I'd like to estimate a large number of models using R's nls() function on a user-defined function. Since many variables are fixed across my specifications, I'd like a way of pre-setting them in my function, but I don't properly understand how R looks for variables in functions contained in a formula.

I've had a look at the section on metaprogramming in Hadley Wickham's advanced R book, but it hasn't enlightened me. Here is a simplified example of what I'm trying to acheive, using the mtcars dataset:

I have tried setting a default value for variables that are fixed across specificaitons:

expo <- function(x, theta, weight = wt) {
  x*weight^theta
}

I have also tried just using the column name of the fixed variable as a variable inside the function

expo <- function(x, theta) {
  x*wt^theta
}

Both these approaches work if I just want to calculate the function, say with

attach(mtcars)
expo(qsec, 1)
detach()

But if I try using my expo() function in an estimation routine, for example

nls(mpg ~ phi + expo(qsec, theta),
    data = mtcars,
    start = c('phi' = -2, 'theta' = 1))

It fails with the message Error in expo(qsec, theta) : object 'wt' not found. One possibility, brought up in the comments, is to simply pass the dataset, mtcars in this case, to expo() as an argument. But since I will only call expo() inside of a call to nls() where the dataset is already an argument, I would be happy if I could find a way to avoid this repetition.

My ultimate goal after defining or calling expo() appropriately is to be able to do something like this:

depvars <- c('qsec', 'drat', 'dist')
lapply <- (depvars, function(x) {
    formula <- as.formula(paste0('mpg ~ phi + expo(', x, ', theta)'))
    nls(formula,
        data = mtcars,
        start = c('phi' = -2, 'theta' = 1))
}

Solution

The tricky thing is that R's lexical scoping searches in enclosing environments, which can be confusing during calls because the caller environments can each have enclosing environments and things get confusing pretty quickly.

I'll be using the rlang package to debug this scenario.

First, if you defined expo in the global environment, then that will be its enclosing environment:

expo <- function(x, theta) {
  x*wt^theta
}

rlang::get_env(expo)
# <environment: R_GlobalEnv>

So when you call it, R will first search for variables in the function's call (not caller!) environment, and then in the enclosing environment (global environment here).
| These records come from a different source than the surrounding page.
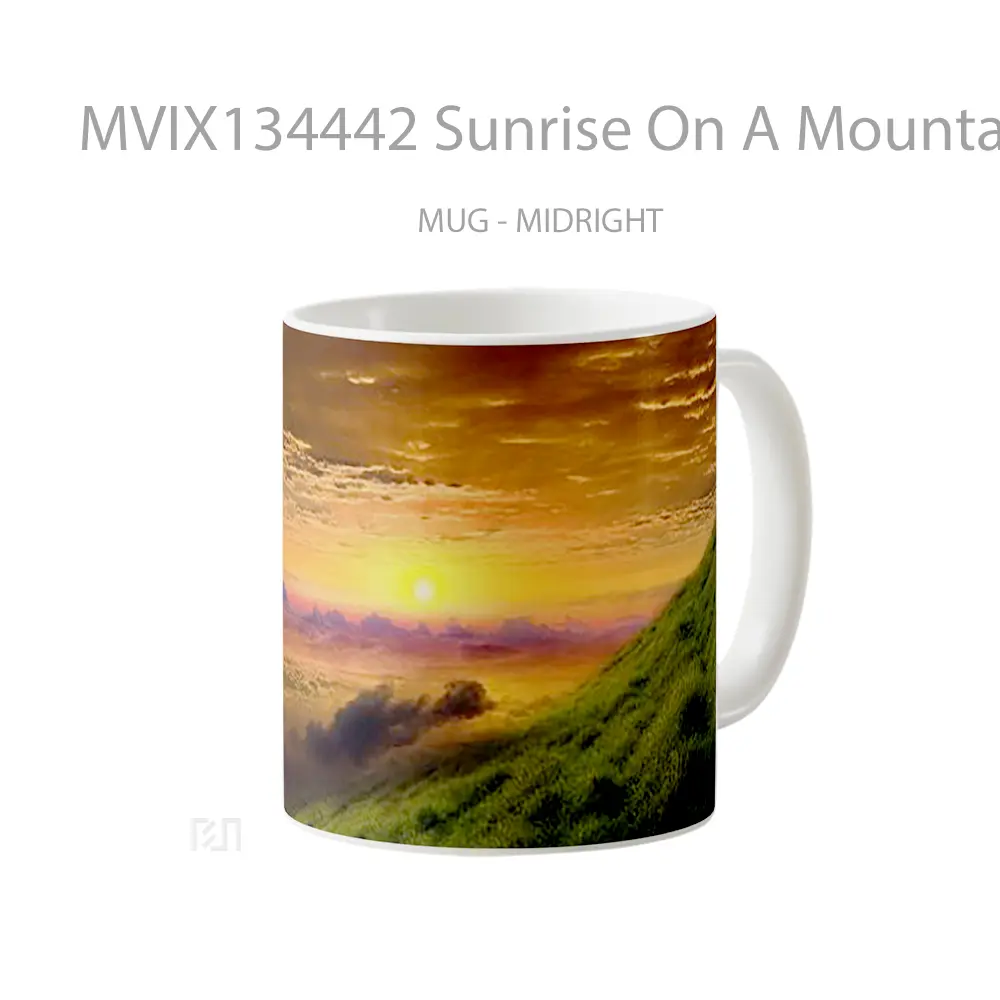 Mug Sunrise On A Mountain Gelas Pemandangan Alam - All-side / Desain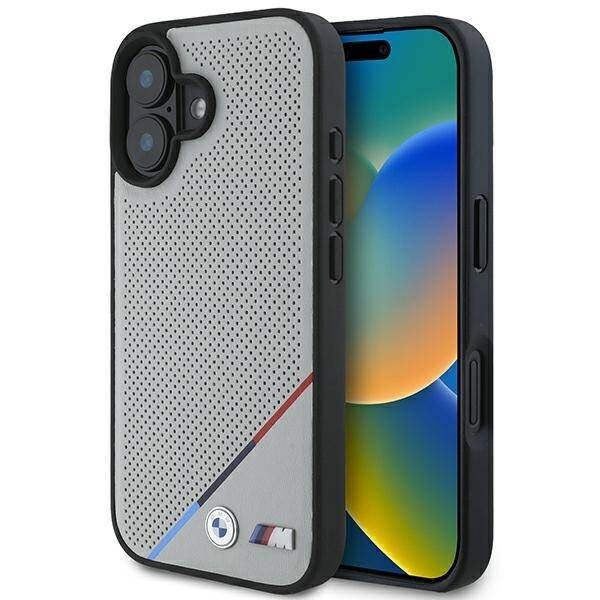 Etui BMW iPhone 16 6.1" szary/grey hardcase M Perforated Tricolor Line MagSafe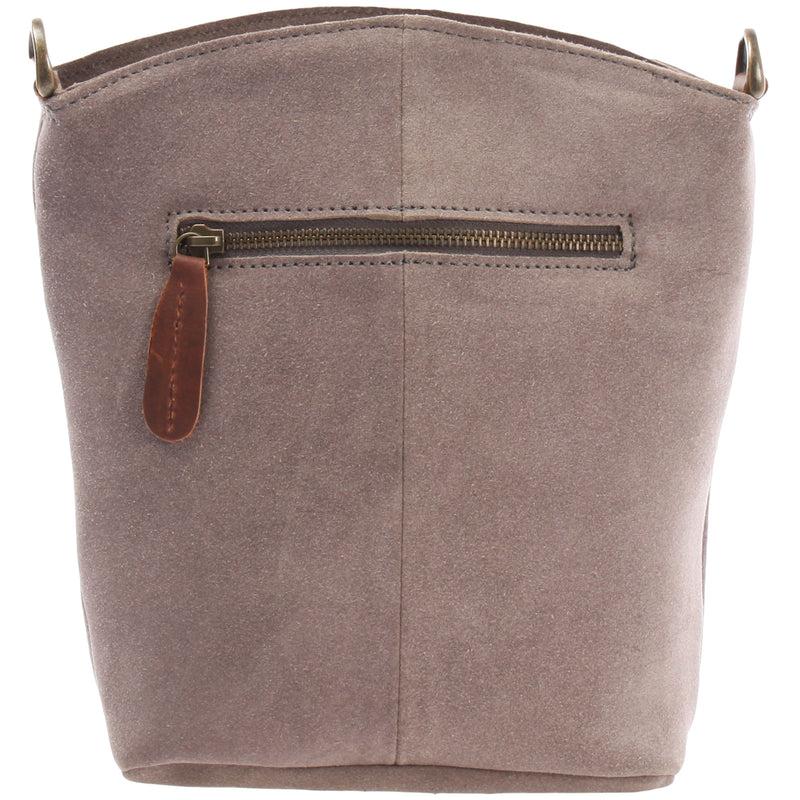 Leconi kleine Umhängetasche Schultertasche Freizeittasche Wildleder grau LE3049 Outlet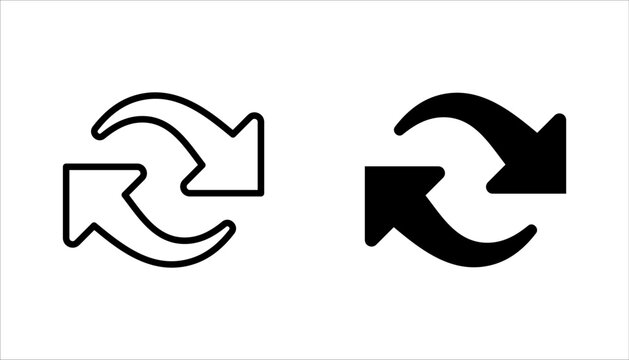 switch icon set,  linear style sign for mobile concept and web design. Left right arrows simple line vector illustration on white background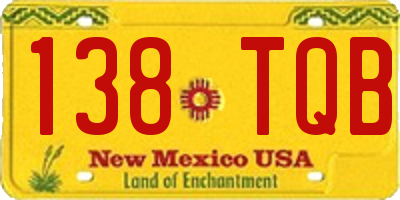 NM license plate 138TQB
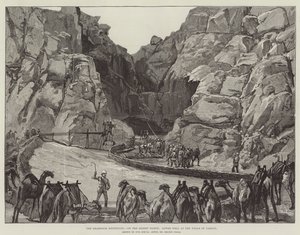 Khartoum-expeditionen, på ökenmarschen, lägre brunn vid brunnarna i Gakdul
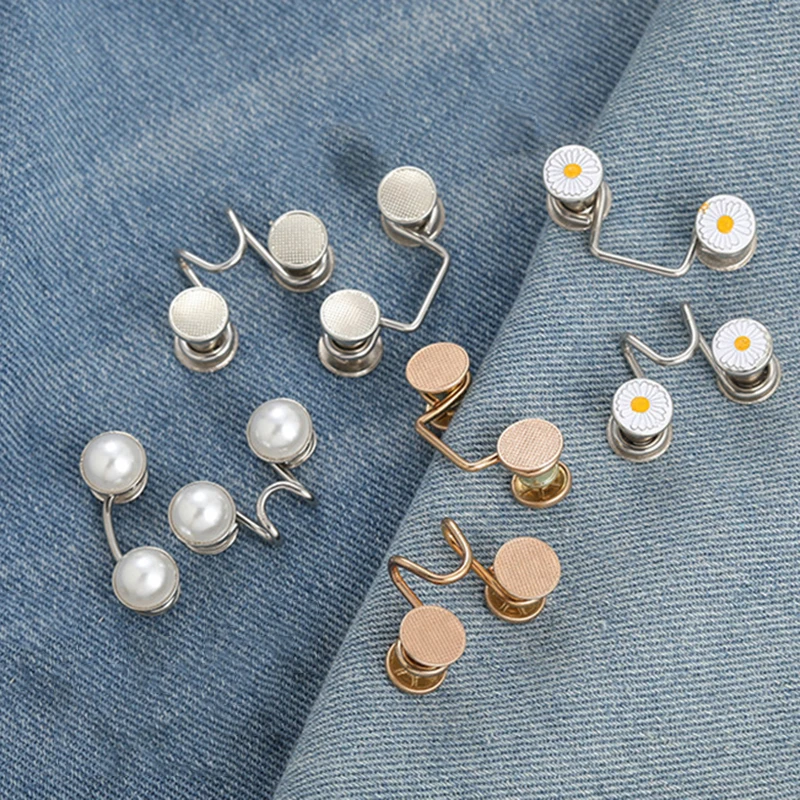2pcs Skirt Pants Tighten Waist Brooches Jeans Adjustable Waist Clip Button Pearl Women's Brooch Set DIY Clothing Accessories - Image 3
I don't know what nls does exactly, but I would have assumed that it creates an environment from the data you provide and evaluates the formula there. However, it seems the environment it creates only contains the variables it can explicitly see in the formula, something I found with:

expo <- function(x, theta) {
  cat("caller: ")
  print(ls(rlang::caller_env()))
  cat("enclosing: ")
  print(ls(rlang::env_parent(rlang::current_env())))
}

nls(mpg ~ phi + expo(qsec, theta),
    data = mtcars,
    start = c('phi' = -2, 'theta' = 1))
# caller: [1] "mpg"   "phi"   "qsec"  "theta"
# enclosing: [1] "expo"    
# Error ...

As we can see, the caller environment of expo contains the variables we can identify in the formula, and its enclosing environment only contains the definition of expo (the global environment). This unfortunately means that you can't even use something like eval.parent inside expo, because that environment won't have all variables from data.

If you still want to work around it, you could modify expo's enclosing environment with your data before calling nls, something like:

expo <- function(x, theta) {
  x*wt^theta
}

environment(expo) <- list2env(as.list(mtcars))

nls(mpg ~ phi + expo(qsec, theta),
    data = mtcars,
    start = c('phi' = -2, 'theta' = 1))
# Error ... number of iterations exceeded maximum of 50